On Fri, Nov 19, 2021 at 04:43:53PM +0100, Martin Wilck wrote:
> Hi Martin, Lukas,
> 
> On Tue, 2021-11-16 at 23:35 -0500, Martin K. Petersen wrote:
> > 
> > Lukas,
> > 
> > > My understanding always was that the request needs to be both
> > > properly
> > > aligned and of a certain minimum size (discard_granularity) to take
> > > effect.
> > > 
> > > If what you're saying is true then I feel like the documentation of
> > > discard_granularity
> > > 
> > > Documentation/ABI/testing/sysfs-block
> > > Documentation/block/queue-sysfs.rst
> > > 
> > > should change because that's not how I understand the notion of
> > > internal allocation unit. However the sentence you quoted is not
> > > entirely clear to me either so I'll leave that decision to someone
> > > who
> > > understands it better than me.
> > > 
> > > Martin could you please clarify it for us ?
> > 
> > The rationale behind exposing the discard granularity to userland was
> > to
> > facilitate mkfs.* picking allocation units that were friendly wrt. the
> > device's internal granularity. The nature of that granularity depends
> > on
> > the type of device (thin provisioned, resource provisioned, SSD, etc.).
> > 
> > Just like the other queue limits the discard granularity was meant as a
> > hint (some of that hintiness got lost as a result of conflating zeroing
> > and deallocating but that has since been resolved).
> > 
> > It is true that some devices get confused if you submit discards that
> > are smaller than their internal granularity. However, those devices are
> > typically the ones that don't actually support reporting that
> > granularity in the first place! Whereas SCSI devices generally don't
> > care. They'll happily ignore any parts of the request that are smaller
> > than whatever size they use internally.
> > 
> > One of the problems with "optimizing" away pieces that are smaller than
> > the reported granularity is when you combine devices. Say you have a
> > RAID1 of an SSD that reports 4096 bytes and one that reports 256MB. The
> > stacked device will then have a discard granularity of 256MB and thus
> > the SSD with the smaller granularity won't receive any of the discards
> > that might otherwise help it manage its media.

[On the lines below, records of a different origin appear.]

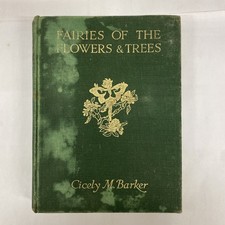 Fairies Of The Flowers & Trees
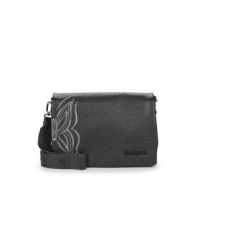 Desigual Válltáskák BAG GOODALL DORTMUND FLAP 2.0 Fekete Egy méret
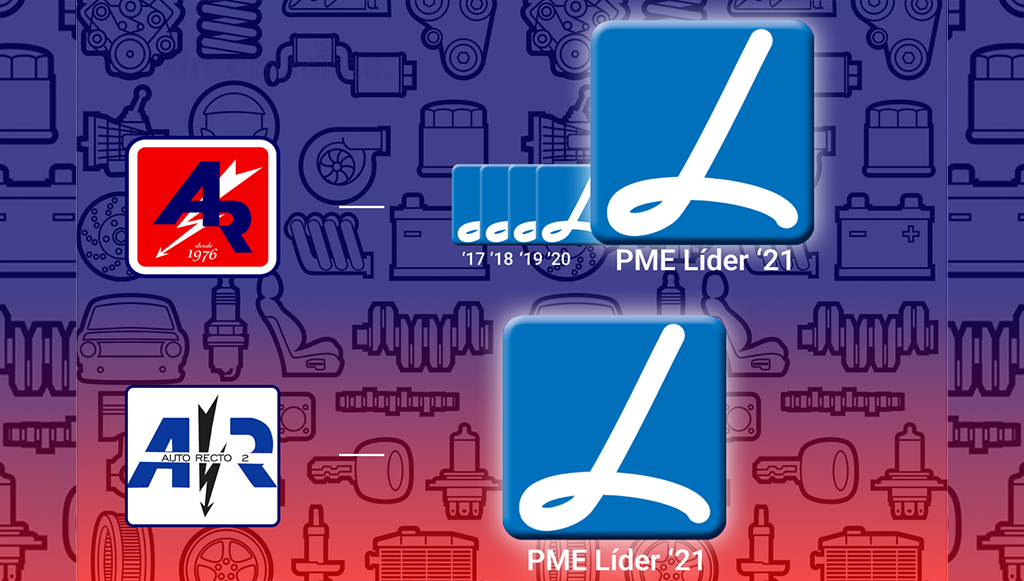 03 - Auto Recto conquista pelo 5 ano o estatuto de PME Lider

Thanks you Martin P. for clarifying.

> 
> I've checked btrfs and xfs, and they treat the minlen like Jan's patch
> would - the minlen is set to the device's granularity, and discarding
> smaller ranges is silently not even attempted.
> 
> So this seems to be common practice among file system implementations,
> and thus Jan's patch would make ext4 behave like the others. But I'm
> still uncertain if this behavior is ideal, and your remarks seem to
> confirm that.

Yeah I modeled my change for ext4 on the work in xfs done by Christoph
and so it kind of spread organically to other file systems.

> 
> The fstrim man page text is highly misleading. "The default value is
> zero, discarding every free block" is obviously wrong, given the
> current actual behavior of the major filesystems.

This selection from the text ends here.